Justo tardó un buen rato en dormir, pero finalmente lo consiguió. Removiéndose entre sueños y pesadillas, recibió una visita del bebé en carne viva, sin párpados ni orejas, aullando de dolor, deshaciéndose entre sus manos sin que él pudiera apartar la vista. Hacía tanto que no lo soñaba, que incluso creyó que al fin lo había olvidado. Pero esa noche, supo que jamás lo haría. Aquel ser de pesadilla, que él había abandonado e intentado enterrar, lo atormentaría hasta el último de sus días.

Andrés, por su parte, no durmió un segundo. En vez de eso, y ya entrada la madrugada, se levantó y salió de su habitación. Estaba descalzo. Avanzó de puntillas hasta el elevador, se bajó en la planta baja, y como pudo esquivó a las pocas personas que se topó en su camino hacia el otro ascensor, aquel que estaba junto a la fuente y la estatua de bronce en el recibidor. Subió al piso nueve, y sólo en ese momento recordó que la puerta de la oficina se cerraba con llave. Maldijo su estupidez y estuvo a punto de presionar nuevamente el botón de la planta baja para regresar, pero algo lo detuvo. Una mano invisible parecía guiarlo.

Cuando se abrieron las puertas y aquella fuerza lo hizo avanzar, Andrés notó que una tenue luz se asomaba por el marco de la entrada a la oficina de Justo. Sin pensarlo demasiado, caminó hacia la luz y empujó la puerta de madera con la punta de sus dedos. Ésta se abrió hacia dentro, sin hacer un solo ruido.
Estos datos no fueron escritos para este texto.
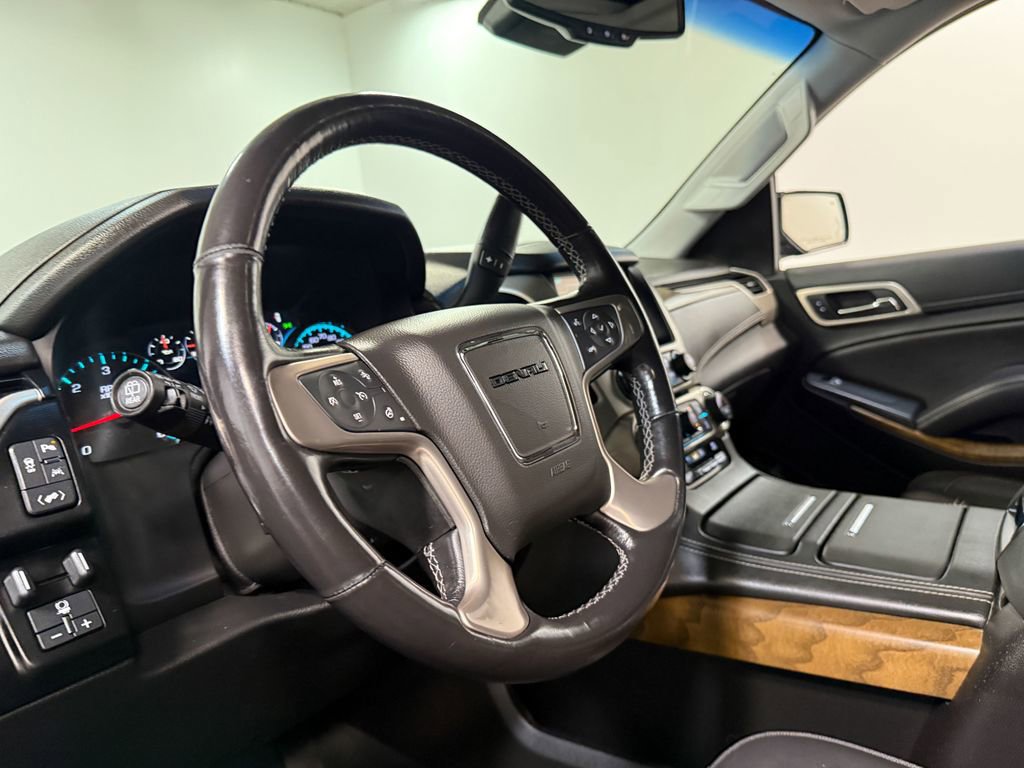 Used 2020 GMC Yukon Denali w/ Open Road Package image 75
Lo vio tirado en su sillón, rodeado de papeles y revistas, como seguramente lo hacía todas las noches si no se desplomaba sobre su escritorio con los lentes puestos. Se movía bastante, girando sobre sí mismo y emitiendo sonidos guturales, pero definitivamente estaba dormido.
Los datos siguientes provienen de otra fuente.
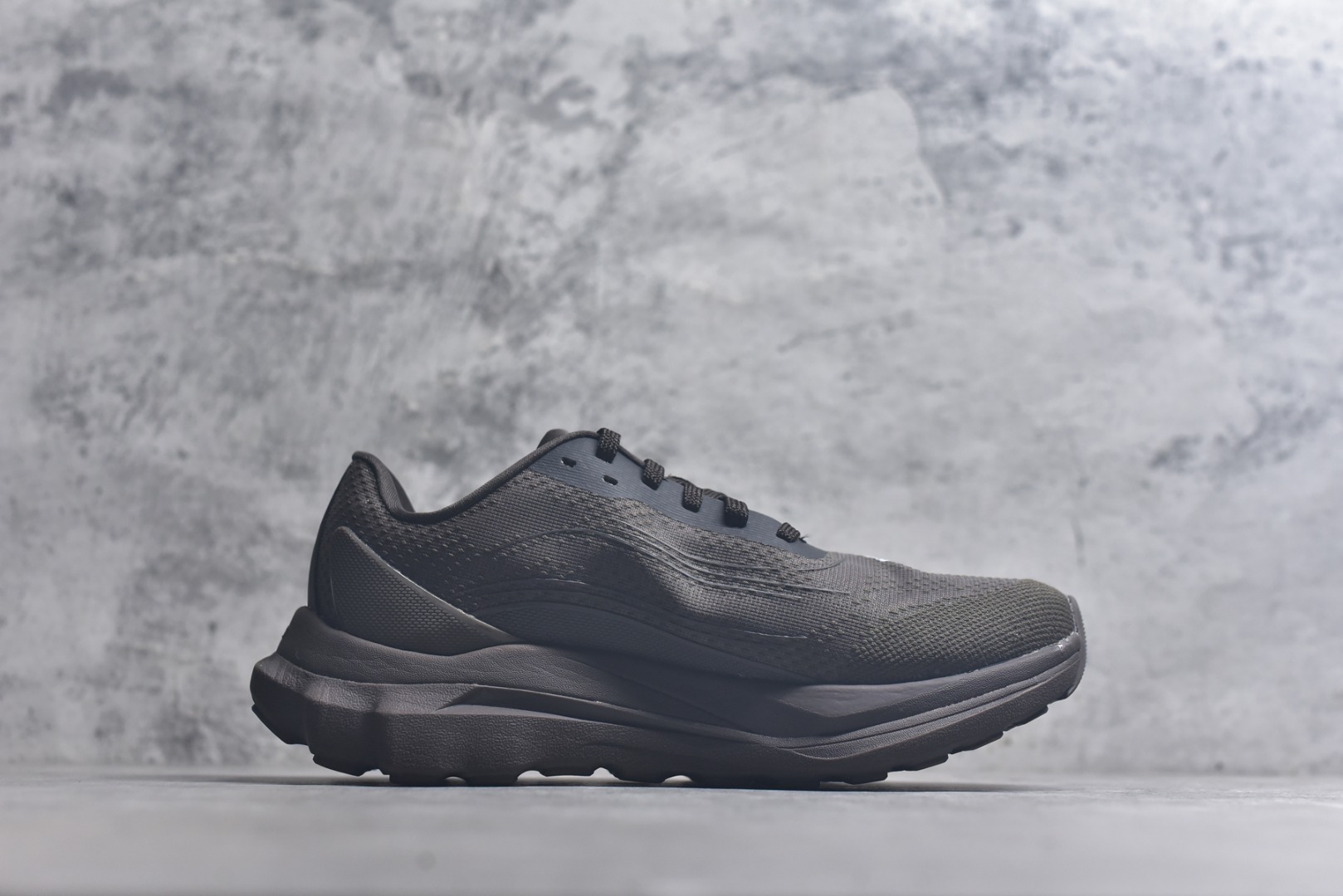 图片[3]-#Alo Yoga Alo Runner 舒适百搭 网布减震透气支撑耐磨低帮 休闲城市通勤训练跑步鞋 货号： A0590U 尺码： 36-45-选品中心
En aquel punto, Andrés sintió cómo la mano invisible que lo había llevado hasta ahí lo guiaba hasta el escritorio. La lámpara estaba encendida; de ahí provenía la luz que había percibido desde el corredor. Si se ponía a revisar todos los papeles que tenía enfrente tardaría horas, y Justo seguramente se despertaría. Pero entonces su vista se fijó en uno de los cajones, el primero a la derecha, que estaba entreabierto ―a diferencia de los demás―.
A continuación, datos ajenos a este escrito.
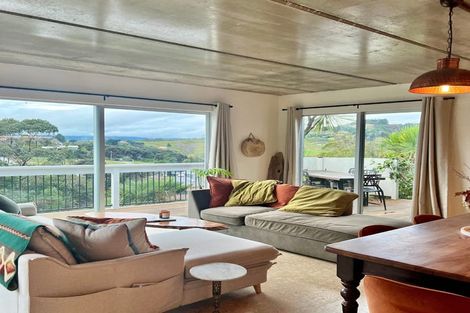 Photo of property in 24 Point Street, Raglan, 3225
El sobre que extrajo del mismo decía su nombre, junto a una serie de números y términos incomprensibles. Entonces, sintió como si lo soltaran. No sabía cómo interpretarlo. Se le ocurrió que, quizás, la fuerza que lo había levantado de su cama y traído hasta la oficina de Justo en ese momento le estaba dando la posibilidad de elegir su destino. Podía abrir el sobre y enfrentarse a lo que encontrara en él, a lo que ya sospechaba, o podía mantenerlo cerrado y seguir viviendo como hasta entonces, encerrado en sí mismo, como un conejillo de indias. Al final, sólo él podría tomar la decisión.

Andrés decidió abrir el sobre, y mientras lo hacía y comenzaba a hojear sus contenidos, sintió su mundo entero desplomarse hasta los cimientos.